Hay mujeres que saben preparar hormigón; otras hacen chacinados; algunas trabajaban en la cosecha, unas cuantas en el carbón (llenan las bolsas para la venta). Ellas mismas hicieron con sus propias manos la remodelación completa de la plaza San Martín. Una vez que quitaron los árboles viejos, plantaron los nuevos ejemplares, armaron los canteros con botellas y construyeron los bancos.

Graciela Valdez fue una de las primeras mujeres en ir a la comuna a cobrar el sueldo en representación de su esposo, Gonzalo Carabajal. El hombre, a quien todos conocen como “El Chupa”, era uno de los tantos que participaba del asado de los viernes. El grupo ríe por el apodo, pero el delegado comunal aclara que “El Chupa”, a pesar del apodo, es uno de los más responsables. “Había otros peores”, advierte Rodríguez.

Las mujeres son distintas en el manejo del dinero. Son más ahorrativas, siempren miran primero por los hijos. “Si se demora el pago -dice Rodríguez a modo de ejemplo-, las mujeres esperan calladas, pero los varones no aguantan y empiezan a pedir adelantos o préstamos”.

“Tengo más satisfacciones con el trabajo de las mujeres que de los hombres”, admite Rodríguez. Ahora, en la comuna planean habilitar una guardería para que las madres puedan dejar a sus hijos y salir a trabajar tranquilas.

Ellas celebran el anuncio de la guardería que se habilitará en las próximos meses. “La guardería va a servir para encerrar a los hombres”, dice Marta Lazarte y estallan las risas del grupo.
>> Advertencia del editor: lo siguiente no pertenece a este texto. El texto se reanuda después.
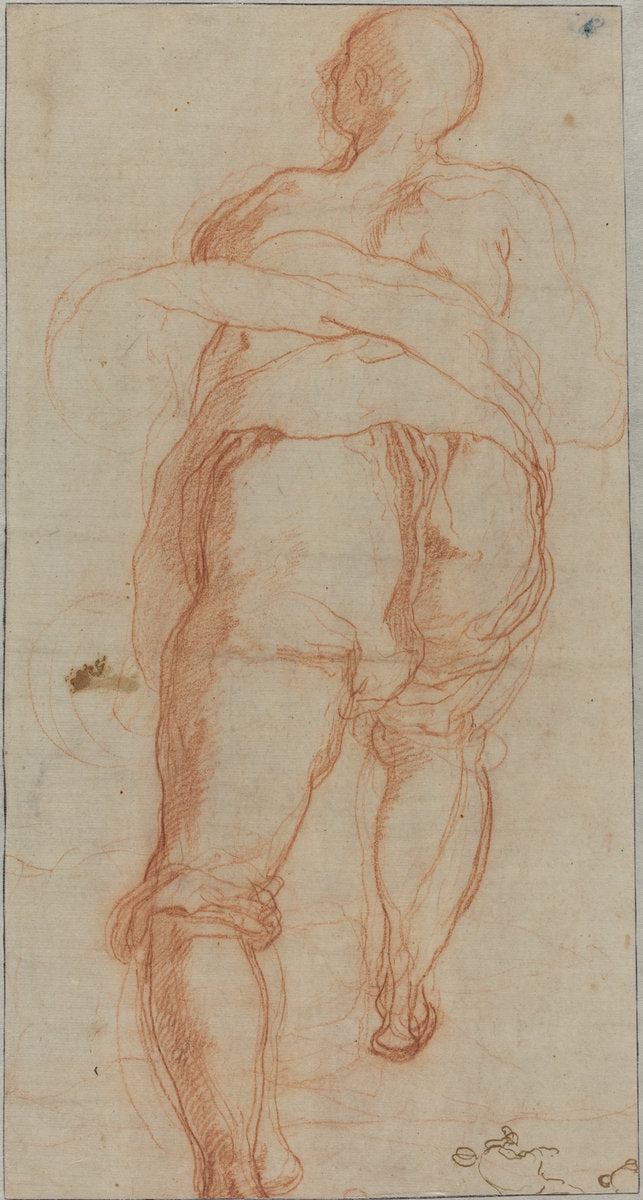 A Man Seen from Behind [verso] by Taddeo Zuccaro (Roman, 1529 - 1566), 16X12"(A3)Poster Print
¿Cuándo van a cobrar en la comuna, después sus maridos les tienen que pedir plata a ustedes?, se les consulta. ¡Obvio! responden a coro y vuelven a reírse. “Tomá unos pesos y traé el vuelto”, dice una de ellas y estallan más risas. “El hombre es muy celoso de que la mujer trabaje” admite Camila Frías. Ella tuvo que irse, tiempo atrás, a trabajar en la cosecha de arándano para poder vivir, porque no conseguía trabajo en Rumi Punco. “No quiere sentirse inferior”, agrega.

Bety Spinza (59 años) quedó viuda con cuatro hijos y se ocupó de que ellos pudieran estudiar y tener un título. “Acá lo que tienen las mujeres -dice Bety con gesto de orgullo- es que invierten mucho en la casa; que si les falta un electrodoméstico van y lo sacan en cuotas y van pagando y cuando terminan de pagar van y sacan otra cosa y así hace la mayoría para tener”.

Graciela Valdez recuerda que en 2010 no tenía trabajo y debía mantener a su hija, Aylén, que en aquel tiempo tenía tres años. Entonces se fue a la cosecha de arándano. “Todos dormíamos en un galpón, era muy sacrificado y por la noche te robaban las fichas y te quedabas sin sueldo”, relata. Ahora es diferente. Ella trabaja en la limpieza en la escuela.

“Aquí hay muchas chicas que trabajan y estudian”, explica Camila Frías. A su lado está María Esther Leiva, especialista en hormigón. Las hermanas Eugenia y Daiana Carrizo son carpinteras. María Lucero es maestra jardinera, y trabaja en el vivero. A Rosario Carabajal le llaman “la señora de los mandados”, porque es capaz de conseguir todo lo que le pidan. Ella trabaja en la cocina comunitaria.

Al final, una por una van saliendo del salón. Una vecina cruza la calle, mientras el delegado comenta que es la mejor haciendo las tortillas de rescoldo. De paso aprovecha para hacerle un pedido: “Normita decile a Hugo (el esposo) que se llegue por mi casa para limpiar”, dice Rodríguez. “Hoy no -responde Normaporque tiene que salir a vender el pan”. Lo dice con absoluta naturalidad, sin darse cuenta de que su respuesta sirve como ejemplo para saber quién maneja los hilos de la casa.